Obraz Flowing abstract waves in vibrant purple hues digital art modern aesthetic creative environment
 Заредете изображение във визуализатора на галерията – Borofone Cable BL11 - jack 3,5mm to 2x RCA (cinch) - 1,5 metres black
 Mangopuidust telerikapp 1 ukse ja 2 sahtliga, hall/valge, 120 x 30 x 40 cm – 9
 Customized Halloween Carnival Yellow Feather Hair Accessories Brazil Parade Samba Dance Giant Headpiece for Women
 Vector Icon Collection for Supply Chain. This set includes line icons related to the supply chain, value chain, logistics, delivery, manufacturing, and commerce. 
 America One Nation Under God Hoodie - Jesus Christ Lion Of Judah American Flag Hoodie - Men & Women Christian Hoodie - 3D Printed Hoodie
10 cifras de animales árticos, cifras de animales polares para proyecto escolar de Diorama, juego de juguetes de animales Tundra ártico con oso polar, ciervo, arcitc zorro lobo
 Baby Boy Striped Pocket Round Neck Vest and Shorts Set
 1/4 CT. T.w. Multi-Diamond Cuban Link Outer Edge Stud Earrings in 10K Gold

----------------

_Task to carry out_
The expected answer is a word-for-word copy of every line from the one that contains "America One Nation" through the final line of the material.

_Answer box_
 America One Nation Under God Hoodie - Jesus Christ Lion Of Judah American Flag Hoodie - Men & Women Christian Hoodie - 3D Printed Hoodie
10 cifras de animales árticos, cifras de animales polares para proyecto escolar de Diorama, juego de juguetes de animales Tundra ártico con oso polar, ciervo, arcitc zorro lobo
 Baby Boy Striped Pocket Round Neck Vest and Shorts Set
 1/4 CT. T.w. Multi-Diamond Cuban Link Outer Edge Stud Earrings in 10K Gold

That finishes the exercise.